Cheddar Cheese: You won’t find soft mild cheddar meant for sandwiches on my platter.  Cheddar is everyone’s favorite cheese, so why not move on up to something fancier?  A nice aged cheddar will bring plenty of flavor to your platter.  I also like an English-style cheddar but if you don’t find it you can get the Vermont aged.  Cheddar goes great with apple slices.

Blue Cheese: Embrace the funk.  The “moldy” blues might scare some people but if it wasn’t good they wouldn’t make an entire dressing to celebrate it!  Oh how I love blue cheese.  My grandmother used to cook it with so many things!  I love blue cheese paired with cherry tomatoes.  If you want something milder and sweeter try Gorgonzola cheese.

Sheep Cheese: Haven’t heard of it? You are really missing out!  Being that I am from Spain I grew up with Manchego cheese on every sandwich, salad, cheese platter… Manchego everywhere!  Look for “curado” or “aged” for a stronger sharper cheese.  Aged Manchego is firm and salty while the young milder Manchego is softer and sweeter (great for grilled cheese sandwiches).

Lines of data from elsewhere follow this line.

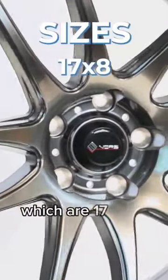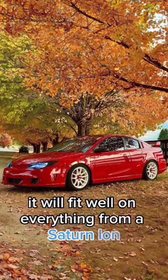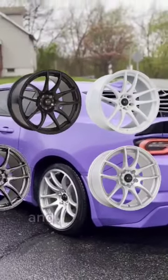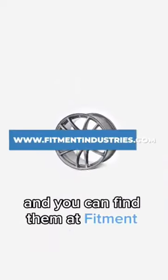Coming in a wide range of sizes from 17x8 to 20x9.5, it will fit well on everything from a Saturn Ion to a Genesis G80. Offsets range from plus 22 to plus 35, and it comes in four finishes: white, black, silver, and hyperblack. This wheel is the VORES TR4, and you can find them at Fitment Industries.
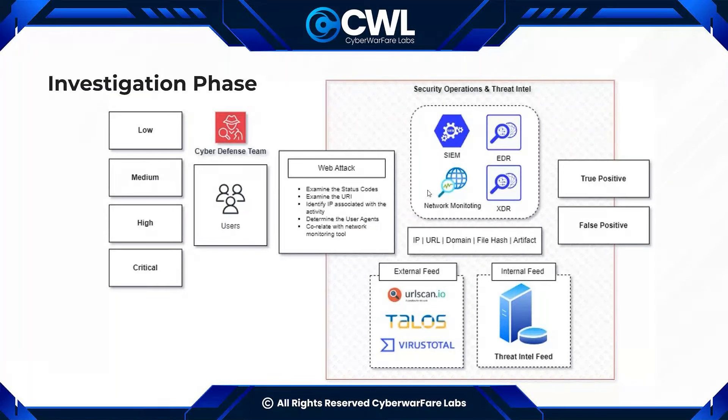Internal tools like SIEM and EDR are used for both log collection and investigative purposes. The incident is investigated in SIEM, EDR, network monitoring, or XDR based on its nature. For a network-based attack, the network monitoring tool is used primarily; for a web-targeted attack, mostly SIEM; for a host-based attack like malware, an EDR or XDR solution. Multiple tools may be used simultaneously. To confirm activity, they get help from the threat intel team — for example, while investigating a SQL injection attack, the analyst finds the associated IP and validates it against internal or external threat intel feeds like VirusTotal or Cisco Talos.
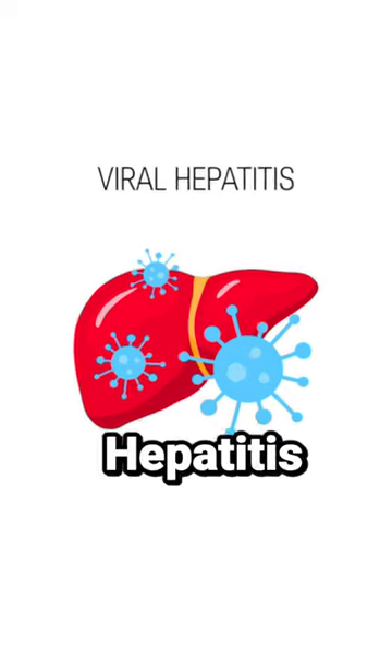You could easily contract a lifelong virus like HIV, AIDS, hepatitis C, and hepatitis B.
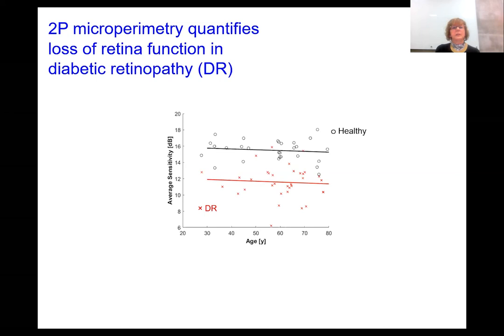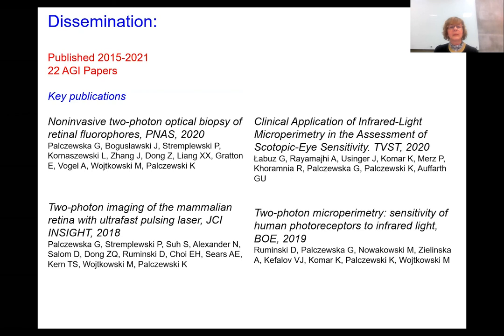These results demonstrate that two-photon excitation for measuring visual function could be useful in the clinic. We observed that during these measurements, no correction for lens density was needed, further confirming that IR light is not scattered in the lens, and patients reported no discomfort during the measurements. This was an extremely fruitful period — we have published 22 papers in this project, with the latest just published today. Key publications include the non-invasive two-photon optical biopsy of retinal fluorophores published in 2020, as well as papers in JCI Insight, TVST, and BOE.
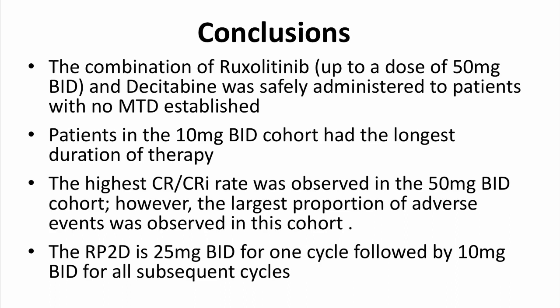To conclude, the combination of ruxolitinib up to a dose of 50 mg twice-daily and dacitabine was safely administered to patients with no MTD established in this phase one study. Patients in the 10 mg twice-daily cohort had the longest duration of therapy. Importantly, the highest CR/CRi rate was observed in patients in the 50 mg BID cohort; however, the largest proportion of adverse events was also observed in this cohort. For this reason, the recommended phase two dose was 25 mg BID for one cycle, followed by 10 mg twice-daily for all subsequent cycles. Thank you very much for your attention.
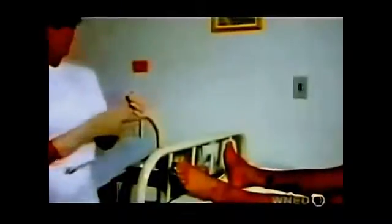A serum containing antibodies — proteins that will neutralize the venom in the snake bite — has been administered. The patient has survived the night, but the tissue damage continues for a while. There is still venom present.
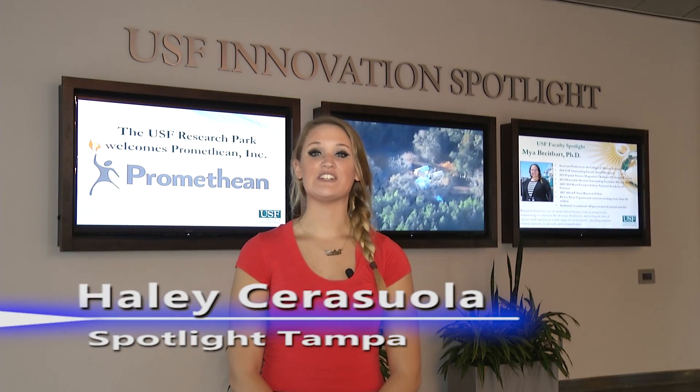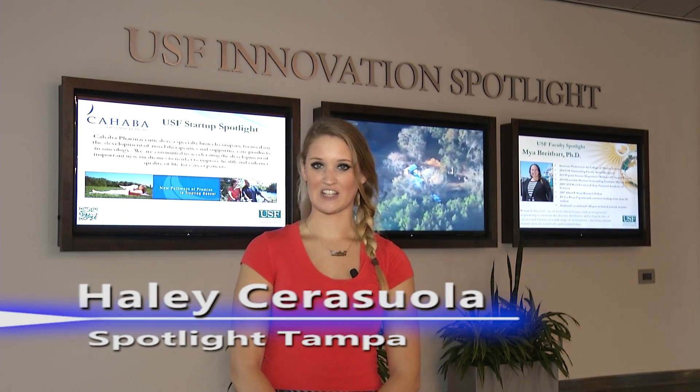We learn from the patients, and so if we're all working together for a common goal, I think everything can advance quite a bit faster. USF and USF Health continue to be leaders in new groundbreaking and innovative technology. For Spotlight Tampa, I'm Haley Sarasola.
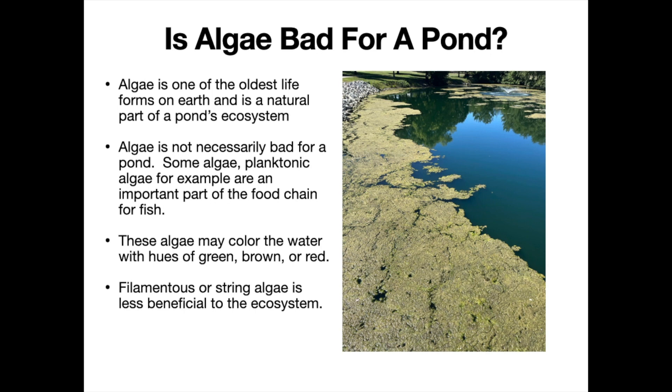Filamentous algae is not as much a part of the food chain as planktonic algae would be — the small single cells are much more desirable. Although filamentous algae can provide some habitat, small fish can use it for cover and protection, and breeding fish can benefit from it a bit, there's no strong benefit to the food chain with this type. Most people find it very problematic and annoying when they're trying to recreate in a pond.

Triple Creme Cheese: Say hello to my favorite cheese! Brie! This cheese is ultra rich and its triple cream cousins will melt in your mouth they are so delicious!   Triple cream usually means around 75% butterfat but the Brie comes in at a leaner 45%.  Do yourself a favor and don’t get reduced fat versions; they are rubbery and not as decadent.

How to put together a good platter?  Grab a variety of each cheese and find something to pair it with.  Not every cheese should be eaten with crackers so it’s ok to serve alongside fruit (grapes), bread, or nuts.

Enjoy!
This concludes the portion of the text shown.